The method of forming electrostatic latent images on the photoconductive drum 101 is already well known and will not be described in detail. Briefly stated, latent images are formed by uniformly charging the surface of the drum 101 by the charger 102 while the drum is in rotation and causing an exposure lamp 109 to illuminate an original (not shown) on a carriage 108 driven leftward in the drawing in timed relation to the photoconductive drum 101 while exposing the drum 101 to the reflected light through the lens unit 103. The copying paper P is composed essentially of a conductive layer and an insulating layer. The insulating layer is brought into proximity to or pressing contact with the surface of the photoconductive drum 101 for the transfer of the latent images thereto.

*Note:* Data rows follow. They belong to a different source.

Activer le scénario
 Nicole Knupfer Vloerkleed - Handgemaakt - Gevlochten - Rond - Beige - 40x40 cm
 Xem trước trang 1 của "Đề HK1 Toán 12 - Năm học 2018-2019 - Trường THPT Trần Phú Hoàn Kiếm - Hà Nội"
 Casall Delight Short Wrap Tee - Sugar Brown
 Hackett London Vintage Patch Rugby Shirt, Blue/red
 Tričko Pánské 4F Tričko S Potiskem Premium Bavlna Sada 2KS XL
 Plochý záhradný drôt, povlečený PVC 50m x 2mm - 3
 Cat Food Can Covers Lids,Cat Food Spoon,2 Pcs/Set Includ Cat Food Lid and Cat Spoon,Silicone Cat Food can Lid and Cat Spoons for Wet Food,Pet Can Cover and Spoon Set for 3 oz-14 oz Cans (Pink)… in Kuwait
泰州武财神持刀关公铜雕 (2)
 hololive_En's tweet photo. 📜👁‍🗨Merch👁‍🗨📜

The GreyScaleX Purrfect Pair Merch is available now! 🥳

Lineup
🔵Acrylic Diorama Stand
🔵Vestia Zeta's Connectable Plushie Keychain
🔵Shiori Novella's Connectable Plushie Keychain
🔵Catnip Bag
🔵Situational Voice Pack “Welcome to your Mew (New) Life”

The copying paper P with the latent images transferred thereto is separated from the photoconductive surface, passed through a water adding-unit 110 and then through a developing unit 111 in which the latent images are converted to visible images with a toner. The paper is thereafter sent into a pressure fixing apparatus 114 by a conveyor belt 112, a retaining wheel 113, etc. The paper bearing the fixed images thereon is sent out onto a tray 115 on completion of the copying operation.
The water-adding unit 110 used for maintaining the rear conductive layer of the copying paper P at an increased and constant conductivity includes a roller 110a to which water is always applied at a substantially constant rate.
In the developing unit 111, a magnetic developer T contained in a toner tank 111a is applied to a sleeve 111b and retained thereon by a magnet 111c. The toner is deposited on the electrostatic latent images on the copying paper P transported by the rotation of the magnet 111c and/or the sleeve 111b.
With reference to FIGS. 2, 3 and 4, an embodiment of the pressure fixing apparatus 114 of this invention will be described below. A pair of press rollers 1 and 2, disposed one above the other, are individually supported at each end thereof, the lower roller 1 at each end by a separate lower fixed bearing member 4 and the upper roller 2 at each end by a separate upper movable bearing member 5. Each adjacent upper and lower bearing member is connected together at the paper input end of the apparatus 114 by a separate support rod 3 and at the paper outlet end by separate bolts 6. Springs 7 mounted on the bolts 6 push the bearing members 5 toward the bearing members 4, thereby forcing the upper roller 2 into pressing contact with the lower roller 1. When a copying sheet bearing unfixed toner images thereon is fed to the rollers, the rollers fix the images by exerting pressure thereon as the sheet is passed therebetween by the rotation thereof.
This invention is characterized in that one of the press rollers 1 and 2, e.g., the roller 2, which is to be brought into contact with the unfixed toner images on the copying sheet has a roughened surface as at 8, is composed of minute round-edged projections. Copying sheets are usually fed to the press rollers with the unfixed toner images on the upper surface of the sheet but, otherwise, the roller 1 will have a rough surface 8. Further, with double-faced copying sheets, one of the press rollers 1 and 2 will come into contact with the unfixed toner images, while the other roller will contact the fixed toner images previously formed. Consequently the latter roller will render the fixed images glossy when having a specular surface or is prone to offset if merely rough-surfaced to mat the images. For use with double-faced copying sheets, therefore, both the rollers 1 and 2 should be rough-surfaced according to this invention.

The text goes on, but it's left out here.